The uniform woodcreeper (Hylexetastes uniformis) is a species of bird in the subfamily Dendrocolaptinae of the ovenbird family Furnariidae. It is found in Bolivia and Brazil.

==Taxonomy and systematics==

The uniform woodcreeper's taxonomy is unsettled. The South American Classification Committee of the American Ornithological Society and the Clements taxonomy have long treated it as a species with two subspecies. The International Ornithological Committee (IOC) formerly treated it as a monotypic species. In July 2023 the IOC lumped what had been Brigida's woodcreeper (then H. brigidai) into the uniform woodcreeper in conformance with the other two taxonomic systems. However, BirdLife International's Handbook of the Birds of the World (HBW) treats uniformis and brigidai as subspecies of the red-billed woodcreeper (H. perrotii).

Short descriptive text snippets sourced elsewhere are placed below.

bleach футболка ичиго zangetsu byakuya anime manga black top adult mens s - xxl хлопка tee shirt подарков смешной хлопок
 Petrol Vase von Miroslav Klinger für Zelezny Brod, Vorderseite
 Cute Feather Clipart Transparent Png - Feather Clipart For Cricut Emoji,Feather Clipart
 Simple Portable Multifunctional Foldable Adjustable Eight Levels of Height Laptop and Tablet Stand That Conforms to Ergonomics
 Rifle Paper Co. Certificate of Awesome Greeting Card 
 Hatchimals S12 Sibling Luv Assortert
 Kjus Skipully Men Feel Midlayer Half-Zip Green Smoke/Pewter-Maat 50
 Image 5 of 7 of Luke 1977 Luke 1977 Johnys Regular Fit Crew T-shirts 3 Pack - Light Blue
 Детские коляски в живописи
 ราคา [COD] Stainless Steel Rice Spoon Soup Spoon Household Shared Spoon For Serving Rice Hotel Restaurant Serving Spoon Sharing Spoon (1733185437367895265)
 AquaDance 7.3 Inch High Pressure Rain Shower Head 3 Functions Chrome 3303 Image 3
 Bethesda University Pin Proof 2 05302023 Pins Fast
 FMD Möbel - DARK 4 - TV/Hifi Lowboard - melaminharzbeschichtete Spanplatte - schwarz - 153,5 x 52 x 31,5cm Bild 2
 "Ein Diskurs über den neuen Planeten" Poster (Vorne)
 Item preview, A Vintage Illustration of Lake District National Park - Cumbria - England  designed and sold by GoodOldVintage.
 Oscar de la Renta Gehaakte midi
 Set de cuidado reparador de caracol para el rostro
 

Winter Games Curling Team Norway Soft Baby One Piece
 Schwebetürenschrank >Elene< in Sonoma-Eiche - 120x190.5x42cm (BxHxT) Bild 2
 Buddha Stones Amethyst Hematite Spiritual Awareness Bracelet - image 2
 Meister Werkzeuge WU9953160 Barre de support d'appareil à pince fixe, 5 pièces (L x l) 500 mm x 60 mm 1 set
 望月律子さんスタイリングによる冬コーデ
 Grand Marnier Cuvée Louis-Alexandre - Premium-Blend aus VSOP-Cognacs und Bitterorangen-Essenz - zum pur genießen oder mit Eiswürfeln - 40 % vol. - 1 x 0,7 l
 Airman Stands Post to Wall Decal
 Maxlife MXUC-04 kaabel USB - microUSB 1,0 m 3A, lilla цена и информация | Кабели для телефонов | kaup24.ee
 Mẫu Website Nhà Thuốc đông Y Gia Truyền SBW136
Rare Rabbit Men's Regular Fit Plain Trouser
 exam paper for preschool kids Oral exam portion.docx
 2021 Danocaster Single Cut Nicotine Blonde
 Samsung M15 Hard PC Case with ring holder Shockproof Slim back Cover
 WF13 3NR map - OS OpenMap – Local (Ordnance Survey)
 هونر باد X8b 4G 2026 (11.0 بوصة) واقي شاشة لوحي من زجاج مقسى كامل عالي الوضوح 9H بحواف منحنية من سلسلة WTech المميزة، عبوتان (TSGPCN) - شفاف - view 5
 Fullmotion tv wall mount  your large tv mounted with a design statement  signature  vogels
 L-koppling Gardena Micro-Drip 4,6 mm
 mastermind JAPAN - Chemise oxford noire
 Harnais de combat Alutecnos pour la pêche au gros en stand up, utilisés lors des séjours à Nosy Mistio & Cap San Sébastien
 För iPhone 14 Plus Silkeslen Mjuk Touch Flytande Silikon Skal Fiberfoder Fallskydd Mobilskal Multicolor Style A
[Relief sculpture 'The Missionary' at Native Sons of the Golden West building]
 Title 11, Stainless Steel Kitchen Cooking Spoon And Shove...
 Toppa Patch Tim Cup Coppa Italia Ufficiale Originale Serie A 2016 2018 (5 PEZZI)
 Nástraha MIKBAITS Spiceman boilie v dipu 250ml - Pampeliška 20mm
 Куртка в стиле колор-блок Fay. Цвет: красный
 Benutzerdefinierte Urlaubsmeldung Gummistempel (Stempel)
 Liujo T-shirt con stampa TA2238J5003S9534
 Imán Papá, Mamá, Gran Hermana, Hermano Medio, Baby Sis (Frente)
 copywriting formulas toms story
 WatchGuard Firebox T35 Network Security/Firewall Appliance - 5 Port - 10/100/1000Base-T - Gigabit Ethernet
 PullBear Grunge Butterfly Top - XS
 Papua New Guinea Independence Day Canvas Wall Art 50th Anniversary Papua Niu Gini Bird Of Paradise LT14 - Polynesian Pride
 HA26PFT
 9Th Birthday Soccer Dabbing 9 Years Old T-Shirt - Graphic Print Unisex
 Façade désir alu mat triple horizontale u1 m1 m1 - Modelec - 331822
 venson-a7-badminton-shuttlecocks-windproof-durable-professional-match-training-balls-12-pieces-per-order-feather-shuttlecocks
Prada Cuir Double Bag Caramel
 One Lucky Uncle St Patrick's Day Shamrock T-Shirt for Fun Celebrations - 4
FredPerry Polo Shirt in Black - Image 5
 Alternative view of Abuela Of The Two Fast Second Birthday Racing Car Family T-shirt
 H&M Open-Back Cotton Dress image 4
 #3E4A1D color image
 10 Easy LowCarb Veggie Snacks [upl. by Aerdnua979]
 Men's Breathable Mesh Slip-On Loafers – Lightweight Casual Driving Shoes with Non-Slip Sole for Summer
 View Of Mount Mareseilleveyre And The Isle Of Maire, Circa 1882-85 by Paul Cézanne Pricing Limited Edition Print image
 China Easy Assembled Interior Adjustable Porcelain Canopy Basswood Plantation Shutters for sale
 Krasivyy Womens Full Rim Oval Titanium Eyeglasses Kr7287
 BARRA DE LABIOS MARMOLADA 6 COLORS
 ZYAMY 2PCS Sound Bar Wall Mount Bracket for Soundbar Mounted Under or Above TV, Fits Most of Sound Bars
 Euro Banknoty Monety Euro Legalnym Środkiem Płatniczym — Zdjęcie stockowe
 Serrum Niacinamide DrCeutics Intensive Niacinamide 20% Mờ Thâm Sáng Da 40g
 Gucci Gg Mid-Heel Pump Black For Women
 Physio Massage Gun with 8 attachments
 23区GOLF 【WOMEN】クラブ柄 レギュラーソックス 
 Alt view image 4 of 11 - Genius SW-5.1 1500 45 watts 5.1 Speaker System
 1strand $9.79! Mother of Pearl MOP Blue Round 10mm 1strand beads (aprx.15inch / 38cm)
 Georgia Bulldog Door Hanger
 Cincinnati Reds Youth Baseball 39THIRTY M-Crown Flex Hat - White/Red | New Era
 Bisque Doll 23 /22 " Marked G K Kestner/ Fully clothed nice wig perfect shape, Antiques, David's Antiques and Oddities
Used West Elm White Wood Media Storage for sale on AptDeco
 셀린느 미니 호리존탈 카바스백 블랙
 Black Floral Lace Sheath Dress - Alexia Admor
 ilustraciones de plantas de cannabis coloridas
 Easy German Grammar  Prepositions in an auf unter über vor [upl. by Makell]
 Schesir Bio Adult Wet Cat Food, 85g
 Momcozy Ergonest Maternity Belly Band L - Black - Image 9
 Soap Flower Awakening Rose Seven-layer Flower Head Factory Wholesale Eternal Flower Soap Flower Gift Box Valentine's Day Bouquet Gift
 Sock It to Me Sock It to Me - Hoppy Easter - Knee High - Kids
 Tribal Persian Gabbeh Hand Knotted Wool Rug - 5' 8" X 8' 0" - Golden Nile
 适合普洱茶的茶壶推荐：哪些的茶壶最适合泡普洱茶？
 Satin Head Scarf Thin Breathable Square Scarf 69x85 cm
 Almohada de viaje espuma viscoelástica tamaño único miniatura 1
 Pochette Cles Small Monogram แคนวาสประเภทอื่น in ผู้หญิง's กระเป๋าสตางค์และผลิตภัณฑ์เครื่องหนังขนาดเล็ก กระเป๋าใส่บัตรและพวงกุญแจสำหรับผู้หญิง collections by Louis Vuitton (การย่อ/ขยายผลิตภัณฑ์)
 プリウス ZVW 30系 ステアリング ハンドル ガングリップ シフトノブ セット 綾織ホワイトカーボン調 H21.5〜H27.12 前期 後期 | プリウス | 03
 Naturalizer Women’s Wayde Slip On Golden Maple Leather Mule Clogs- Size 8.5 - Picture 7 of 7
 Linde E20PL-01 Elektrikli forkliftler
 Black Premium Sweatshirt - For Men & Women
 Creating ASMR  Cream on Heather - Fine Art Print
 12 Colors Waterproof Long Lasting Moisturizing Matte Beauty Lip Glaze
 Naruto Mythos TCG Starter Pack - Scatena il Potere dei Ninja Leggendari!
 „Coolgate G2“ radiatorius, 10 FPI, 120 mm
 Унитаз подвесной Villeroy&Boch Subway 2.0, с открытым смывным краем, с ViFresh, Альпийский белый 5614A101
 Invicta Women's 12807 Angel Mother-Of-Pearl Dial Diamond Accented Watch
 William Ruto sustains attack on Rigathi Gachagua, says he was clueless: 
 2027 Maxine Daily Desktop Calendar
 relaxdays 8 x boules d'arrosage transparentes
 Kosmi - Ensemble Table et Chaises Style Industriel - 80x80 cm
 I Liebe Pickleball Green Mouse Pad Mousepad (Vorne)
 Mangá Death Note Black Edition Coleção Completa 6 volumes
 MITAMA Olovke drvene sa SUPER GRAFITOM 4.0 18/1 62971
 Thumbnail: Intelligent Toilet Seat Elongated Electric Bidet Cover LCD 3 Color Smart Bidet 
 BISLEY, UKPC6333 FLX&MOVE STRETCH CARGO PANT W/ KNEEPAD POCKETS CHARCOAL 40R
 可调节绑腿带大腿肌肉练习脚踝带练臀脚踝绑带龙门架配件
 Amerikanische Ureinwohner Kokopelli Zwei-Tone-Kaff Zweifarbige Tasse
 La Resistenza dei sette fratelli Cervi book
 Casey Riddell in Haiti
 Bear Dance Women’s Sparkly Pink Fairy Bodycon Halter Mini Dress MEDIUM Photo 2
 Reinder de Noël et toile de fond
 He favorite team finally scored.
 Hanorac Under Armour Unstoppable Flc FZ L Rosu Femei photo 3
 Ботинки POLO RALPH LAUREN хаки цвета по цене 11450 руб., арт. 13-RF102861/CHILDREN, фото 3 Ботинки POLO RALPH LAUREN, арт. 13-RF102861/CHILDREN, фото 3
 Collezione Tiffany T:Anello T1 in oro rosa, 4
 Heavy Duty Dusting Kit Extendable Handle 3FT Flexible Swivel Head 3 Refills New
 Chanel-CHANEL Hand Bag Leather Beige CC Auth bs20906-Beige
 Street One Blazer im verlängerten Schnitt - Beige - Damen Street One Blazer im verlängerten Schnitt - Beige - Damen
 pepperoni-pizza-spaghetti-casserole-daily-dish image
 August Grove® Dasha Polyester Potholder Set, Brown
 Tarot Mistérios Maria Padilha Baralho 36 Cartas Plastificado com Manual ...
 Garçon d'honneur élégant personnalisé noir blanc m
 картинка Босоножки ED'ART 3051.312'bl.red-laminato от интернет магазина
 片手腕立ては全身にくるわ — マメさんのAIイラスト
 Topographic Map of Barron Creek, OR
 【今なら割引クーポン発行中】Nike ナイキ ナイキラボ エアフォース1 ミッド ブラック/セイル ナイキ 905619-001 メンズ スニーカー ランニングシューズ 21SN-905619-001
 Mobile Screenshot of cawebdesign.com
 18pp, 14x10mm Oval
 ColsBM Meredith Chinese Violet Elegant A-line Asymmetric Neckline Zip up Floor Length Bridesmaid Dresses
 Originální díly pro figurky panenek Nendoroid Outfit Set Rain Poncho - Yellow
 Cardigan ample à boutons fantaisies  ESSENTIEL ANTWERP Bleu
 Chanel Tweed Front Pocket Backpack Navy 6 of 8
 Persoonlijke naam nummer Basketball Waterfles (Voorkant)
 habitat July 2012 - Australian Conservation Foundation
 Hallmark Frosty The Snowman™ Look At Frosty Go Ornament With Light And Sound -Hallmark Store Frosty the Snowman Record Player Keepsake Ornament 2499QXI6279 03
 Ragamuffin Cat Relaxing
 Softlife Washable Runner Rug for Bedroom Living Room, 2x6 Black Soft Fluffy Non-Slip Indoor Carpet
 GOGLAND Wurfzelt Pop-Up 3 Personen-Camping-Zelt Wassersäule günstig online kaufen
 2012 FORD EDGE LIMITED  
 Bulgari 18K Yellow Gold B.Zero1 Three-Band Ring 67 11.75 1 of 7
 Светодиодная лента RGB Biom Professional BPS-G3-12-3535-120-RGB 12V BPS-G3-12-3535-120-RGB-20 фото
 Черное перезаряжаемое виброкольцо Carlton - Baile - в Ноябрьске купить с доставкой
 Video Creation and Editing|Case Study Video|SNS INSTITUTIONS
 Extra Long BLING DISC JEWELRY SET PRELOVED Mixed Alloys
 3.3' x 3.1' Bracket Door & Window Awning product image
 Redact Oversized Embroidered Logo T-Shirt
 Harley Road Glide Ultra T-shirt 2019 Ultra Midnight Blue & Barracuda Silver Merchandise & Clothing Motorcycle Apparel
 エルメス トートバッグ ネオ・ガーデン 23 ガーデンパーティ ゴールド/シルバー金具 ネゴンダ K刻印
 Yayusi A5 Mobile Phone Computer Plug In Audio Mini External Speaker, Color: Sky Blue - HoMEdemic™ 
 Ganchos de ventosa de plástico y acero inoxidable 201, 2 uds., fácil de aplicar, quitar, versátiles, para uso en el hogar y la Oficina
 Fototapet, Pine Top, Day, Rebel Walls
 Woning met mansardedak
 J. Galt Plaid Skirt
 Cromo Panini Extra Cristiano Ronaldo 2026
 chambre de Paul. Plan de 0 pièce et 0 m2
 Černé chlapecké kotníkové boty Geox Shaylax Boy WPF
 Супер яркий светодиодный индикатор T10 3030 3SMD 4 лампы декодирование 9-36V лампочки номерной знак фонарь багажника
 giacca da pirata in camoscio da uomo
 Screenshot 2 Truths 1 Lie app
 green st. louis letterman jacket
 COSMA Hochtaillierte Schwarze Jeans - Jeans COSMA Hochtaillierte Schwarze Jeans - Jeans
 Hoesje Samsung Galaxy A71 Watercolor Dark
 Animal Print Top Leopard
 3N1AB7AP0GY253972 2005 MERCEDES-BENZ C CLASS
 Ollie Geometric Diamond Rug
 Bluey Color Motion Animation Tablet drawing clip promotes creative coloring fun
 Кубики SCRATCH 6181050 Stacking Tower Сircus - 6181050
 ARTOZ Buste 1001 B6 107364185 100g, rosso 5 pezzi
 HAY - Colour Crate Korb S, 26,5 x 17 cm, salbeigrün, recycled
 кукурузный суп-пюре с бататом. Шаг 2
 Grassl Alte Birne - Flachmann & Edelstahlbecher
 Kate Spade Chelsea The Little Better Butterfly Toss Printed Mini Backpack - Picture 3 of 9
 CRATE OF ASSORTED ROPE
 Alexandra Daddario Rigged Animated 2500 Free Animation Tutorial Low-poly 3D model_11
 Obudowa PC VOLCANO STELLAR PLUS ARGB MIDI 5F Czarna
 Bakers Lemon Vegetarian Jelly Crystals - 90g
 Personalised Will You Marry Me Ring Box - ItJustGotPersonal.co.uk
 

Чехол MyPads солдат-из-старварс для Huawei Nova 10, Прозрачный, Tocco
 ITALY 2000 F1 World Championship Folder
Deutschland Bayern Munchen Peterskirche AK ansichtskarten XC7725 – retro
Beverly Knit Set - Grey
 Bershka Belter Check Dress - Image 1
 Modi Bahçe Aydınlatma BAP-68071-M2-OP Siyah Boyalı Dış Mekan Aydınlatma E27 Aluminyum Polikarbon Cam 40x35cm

This article follows the two-subspecies model of H. u. uniformis (Hellmayr, 1909) and H. u. brigidai (da Silva, Novaes, & Oren 1995).

==Description==

The uniform woodcreeper is 25 to 30 cm long. Males weigh 86.5 to 121 g and females 95 to 118 g. It is a large and heavy-bodied woodcreeper with a short and massive bill. The sexes are alike. Adults of both subspecies have smoky brown to olive-brown upperparts with bright chestnut to rufous-chestnut wing coverts, flight feathers, rump, and tail. Their breast is a warmer cinnamon-brown and their belly buffy brown; the latter sometimes has some indistinct fine barring. Their iris is brown to reddish brown or even red, their bill wine-red to brownish, and their legs and feet green or olive. Subspecies H. u. brigidai is somewhat larger and heavier-billed than the nominate, but its otherwise differs only in having pale lores.

==Distribution and habitat==

The nominate subspecies of the uniform woodcreeper is found in the Amazon Basin south of the Amazon River in Brazil between the Madeira and Xingu rivers and south to Mato Grosso state and northeastern Bolivia's Santa Cruz Department. H. u. brigidai is found south of the Amazon from the Xingu River east to the Tocantins and Araguaia rivers. The species primarily inhabits terra firme forest and also occurs in gallery forest and seasonally flooded forest. It is found only rarely in semi-deciduous along the Xingu River. It favors the interior of mature primary forest but also occurs at its edges and in older secondary forest. It mostly occurs at low elevations but reaches 600 m in Serra dos Carajás in Brazil's Pará state.

==Behavior==
===Movement===

The uniform woodcreeper is year-round resident throughout its range.

===Feeding===

The uniform woodcreeper's diet is mostly arthropods and also includes small vertebrates such as frogs. It often joins mixed-species foraging flocks to feed from the forest's mid-level to the subcanopy. There it gleans prey from trunks and branches. It also follows army ant swarms, where it forages by sallying to the ground from a low perch to capture prey disturbed by the ants.

===Breeding===

Little is known about the uniform woodcreeper's breeding biology. Its breeding season appears to include at least June to January. The few known nests were in cavities near the top of large stumps.

===Vocalization===

The uniform woodcreeper sings mostly at dawn but sometimes during the day. The nominate subspecies' song is a "loud series of about 6 'Weeah weeah - - weeh' notes", and that of H. u. brigidai is similar. The species' calls include "screee-wip, "nnyeah", "nyip, nyeek, nyeek, weeweweweip", "cag notes", and "whinh, whaih, whaih".

==Status==

The IUCN follows HBW taxonomy and so has not assessed the uniform woodcreeper separately from the red-billed woodcreeper. It is thought to be uncommon to rare across its range and "[a]ppears to be highly sensitive to habitat modification".